Tiap detik di kelas semakin membuatku muak. Cowok cupu yang janjinya jadi tutorku memang sedikit terlambat. Sebab pelajaran kelas sepuluh lebih padat dibandingkan kelas sebelas.

Sepertinya aku harus menyiapkan banyak topeng tebal anti gengsi. Meski sekarang aku berdua dengan Bu Sari, tapi aku yakin, berita seorang Penguasa SMA Bhakti yang menjadi baby sitter si cupu akan menyebar seantero sekolah.

Dasar cewek! Aku yakin dari mulut mereka berita itu akan menyebar.

Tok tok tok

Suara ketukkan membuatku terlempar kembali ke realita. Seperti biasa cowok itu menunduk. Kepalanya tak diam di tempat. Malah seperti mencari sesuatu. Tipikal anak idiot dengan IQ rendah.

Tetapi anehnya kenapa nilai Matematika cowok itu tinggi daripada aku yang normal?

“Masuk Al.” Bu Sari berdiri dari singgahsananya dan membantu Altra untuk ke mejaku yang berada di barisan kedua dari depan.

Cowok yang bernama Altra itu duduk di depanku. Tangannya gemetaran seperti biasa. Dan matanya lagi-lagi tidak menatapku. Aku ingin menjambak rambut rapinya itu agar melihat mataku. Tapi kuingat kembali kalau di kelas ini ada manusia yang lebih jahanam daripada aku.

“Sekarang, kamu ajarkan Alia ya. Dari mulai Bab 1 dulu. Sistem belajarnya bagaimana kamu saja, yang penting Alia paham dengan penjelasan kamu.”

Altra terlihat kegelian karena mungkin mendengar ucapan Bu Sari yang dekat dengan telinganya.

Aku menatapnya tak percaya. Manusia idiot seperti Altra mengajariku hingga paham? Padahal aku dengar suaranya saja tak pernah.

Tapi bukankah mengajarkan sama saja seperti berbicara? Ah, aku jadi penasaran dengan suaranya.

“Ba-baik, Bu.”

Deg

Jantungku kontan berdetak dua kali lebih cepat. Hatiku seketika merasa terhenyak. Baru saja aku terpikir penasaran dengan suara Altra, sekarang tubuhku membeku. Suara yang sangat familier menghuni gendang telingaku.

Suara itu… tidak mungkin aku salah mendengarnya. Itu suara Altra. Suaranya persis dengan dia. Tapi realitas lagi-lagi menapik perasaan yang ada.

Altra jelas bukan dia. Altra itu cowok cupu yang kebetulan pintar matematika.

Aku mencoba mengendalikan perasaanku. Semenjak mendengar suara Altra pertama kali, membuat duniaku semakin ambigu.

Napasku kian menderu seirama dengan jantungku yang menggebu. Dan berkali-kali aku harus menghela napas diam-diam.

Setelah tenang, aku bertanya, “Elo yakin bisa ngajarin gue?” Altra mengangguk samar. Dia masih enggan menatapku. Apa dia terlalu takut karena aku akan membentaknya lagi?
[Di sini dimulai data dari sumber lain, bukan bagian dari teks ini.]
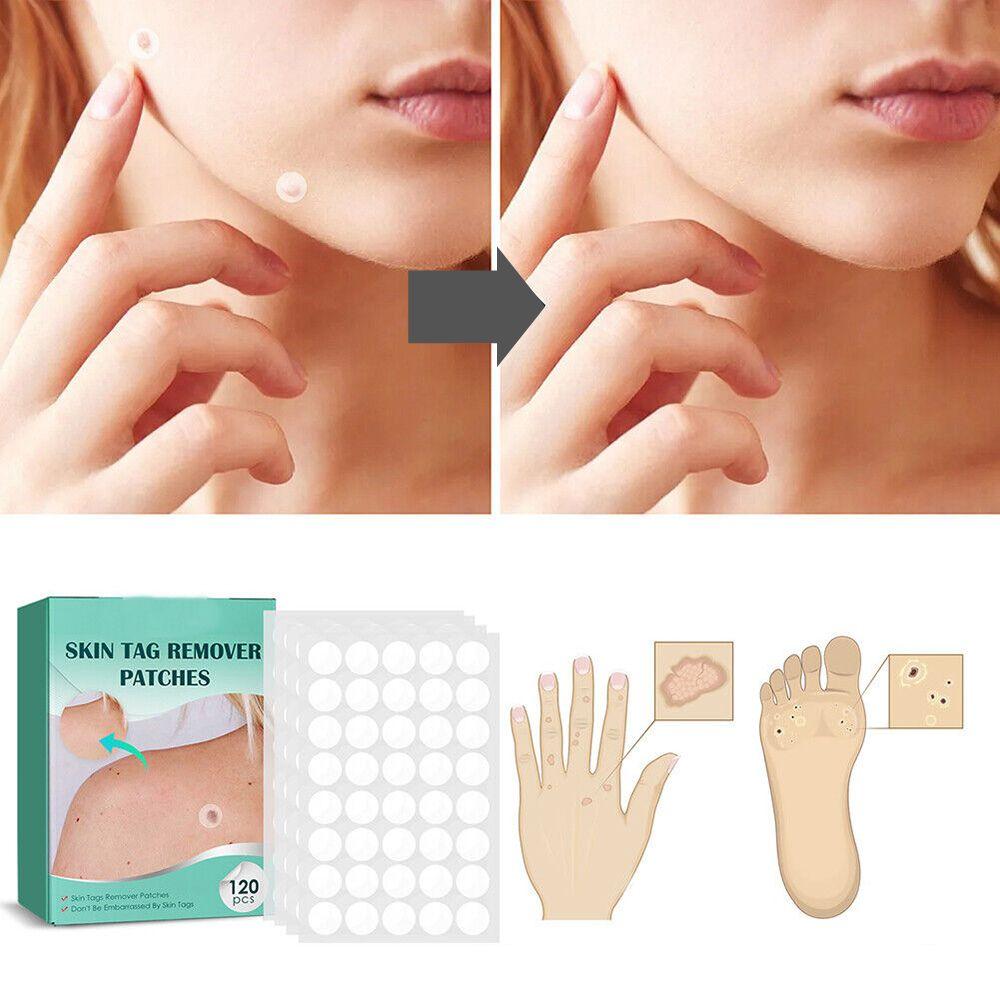 Ultra-Thin Protective Skin Patches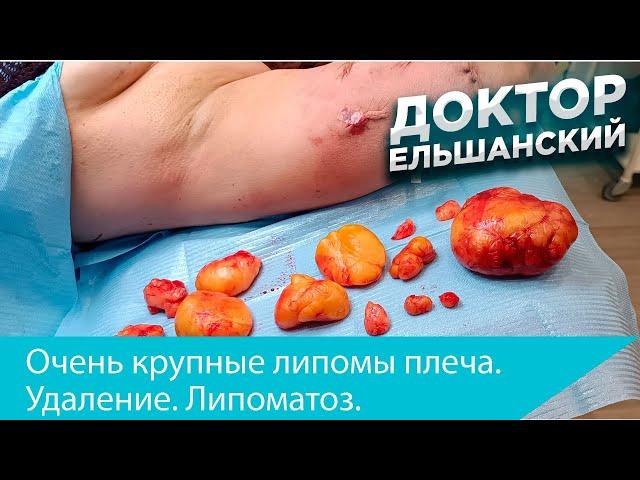 Очень крупные липомы плеча.  Удаление.  Липоматоз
Apa dia tidak punya pikiran yang logis?

Aku tidak mungkin berteriak ketika ada Bu Sari satu ruangan denganku. Lagi pula aku bukan orang gila yang tiba-tiba emosi tanpa alasan.

“Jangan takut. Gue gak akan marah-marahin elo lagi. Jadi jangan takut. Buat semua ini mudah ya?” Aku memintanya secara halus.

Melihat kondisi Altra membuatku jadi tak enak hati. Apalagi keadaan cowok itu yang sakit mental. Sekalipun aku salah satu manusia yang ditakutkan di SMA Bhakti ini, aku masih punya hati nurani.

Altra terlihat lebih rileks, kepalanya perlahan terangkat. Membuat salah satu sudut hatiku lebih tenang. Tatapan kami bertabrakan. Aku hampir tenggelam dengan wajah Altra yang mengingatkanku pada seseorang lagi. Namun, segera kutepis.

Altra berbeda dengannya. Altra bukan hasil metamorfosis dari dia. Dan aku harus berkali-kali menancapkan fakta itu dalam otakku.

“Ki-kita mulai aja.”

Aku mengangguk yakin dan mulai mengambil pensilku. Mengenyahkan semua pikiran yang bisa saja mengganggu konsentrasiku. Dan membuat semua ini terasa cepat untuk satu bulan ke depan.